Essaie de pratiquer davantage le cold calling durant tes leçons. Pas forcément systématiquement. Tu peux aussi revenir à ta méthode habituelle par moments, c’est-à-dire donner la parole aux participants qui lèvent la main. Si tu décides de travailler avec le cold calling, les conseils suivants pourraient t’être utiles:
Le cold calling (appel à froid): trois conseils pratiques
Le cold calling consiste à interroger ou solliciter directement des apprenants même s’ils ne lèvent pas la main. Objectifs: susciter une attention et une participation accrues tout en améliorant l’inclusion.
- Annoncer les cold calls. Tu peux par exemple dire: «Quelle tactique utiliseriez-vous contre cette équipe? Je vous donne 30 secondes pour y réfléchir, après quoi je demanderai leur avis à trois d’entre vous.»
- Combiner le cold calling avec la méthode «think-pair-share»: les participants et participantes réfléchissent d’abord individuellement à la question posée («think»), puis ils en discutent en binôme («pair»). Enfin, tu appliques la méthode du cold calling: tu désignes certains groupes et leur demandes de rapporter brièvement la teneur de leur discussion en plénum («share»). Exemple: «Lisa et Léo, qu’avez-vous conclu?»
- Associer le cold calling avec des formes d’organisation sociométriques: les élèves se positionnent par exemple dans la salle en fonction de leurs réponses. Tu diras: «Asseyez-vous devant à gauche si vous pensez que A est la bonne réponse ou devant à droite si selon vous, c’est la réponse B qui est correcte, etc.»). Une fois que tout le monde a pris place, pratique le cold calling: «Tom, tu t’es mis ici à gauche. Pourquoi?»
Bibliographie
- 1 Levin, T., & Long, R. (1981). Effective instruction.

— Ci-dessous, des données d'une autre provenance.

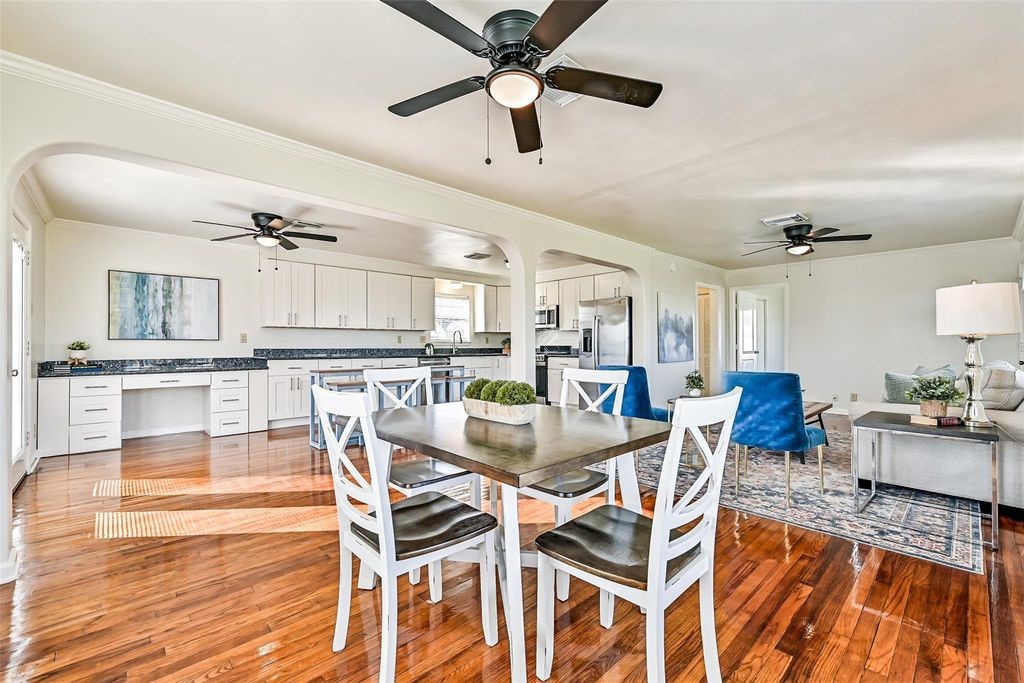 Open layout allows for clean site lines from the kitchen, dining, and living area.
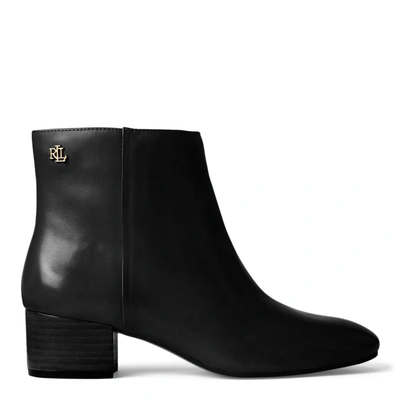 Shop Lauren Ralph Lauren Welford Ii Leather Bootie In Black/black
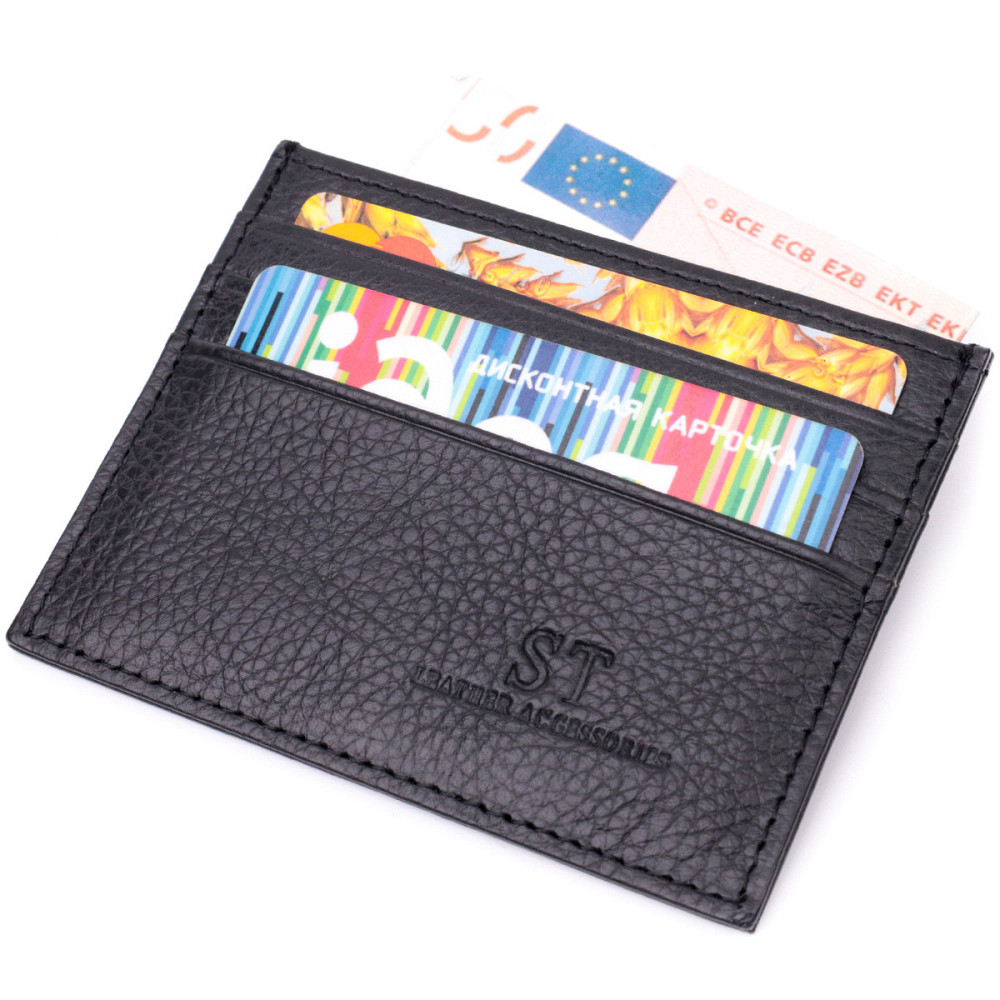 Стильний кард-кейс із натуральної шкіри ST Leather 22447 Чорний Київ - фото 3
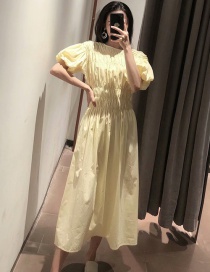 Fashion Yellow Pleated Bubble Short Sleeve Dress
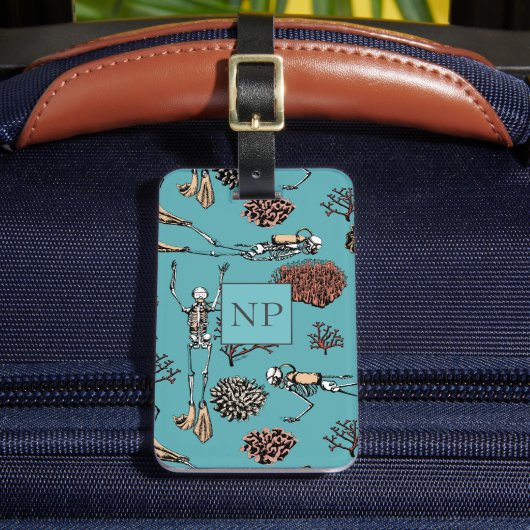 Étiquette À Bagage Nautique Turquoise Blue Ocean Plongée (Insitu Rectoal 2)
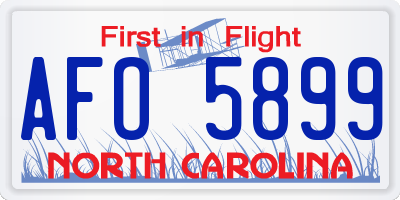 NC license plate AFO5899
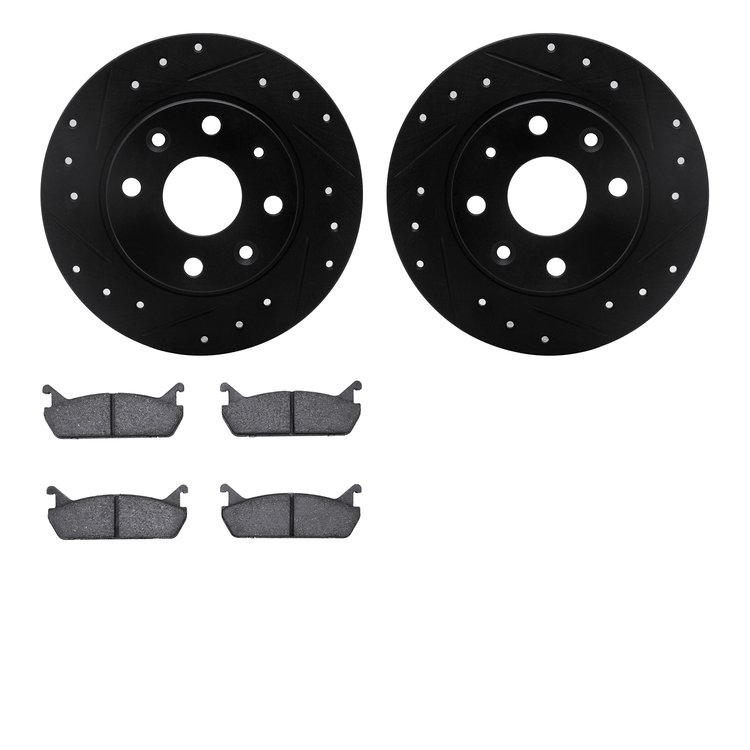 8302-80030 Drilled/Slotted Brake Rotors with 3000-Series Ceramic Brake Pads Kit [Black], 1990-1993 Ford/Lincoln/Mercury/Mazda, P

Washington, D.C.: Association for Supervision and Curriculum Development.
- 2Häusler, J., Gartmeier, M., Grünewald, M.G. et al. (2024). Too much time or not enough? An observational study of teacher wait time after questions in case-based seminars. BMC Med Educ 24, 690.
- 3Jones N.A. (1980). The effect of type and complexity of teacher questions on student response wait time. Doctoral Dissertation, University of Pittsburgh.
- 4Lemov, D. (2023). Unterrichte wie ein Champion. Weinheim: Wiley-VCH.
- 5Dallimore, E., Hertenstein, J. & Platt, M. (2013). Impact of Cold-Calling on Student Voluntary Participation. Journal of Management Education. 37. 305-341.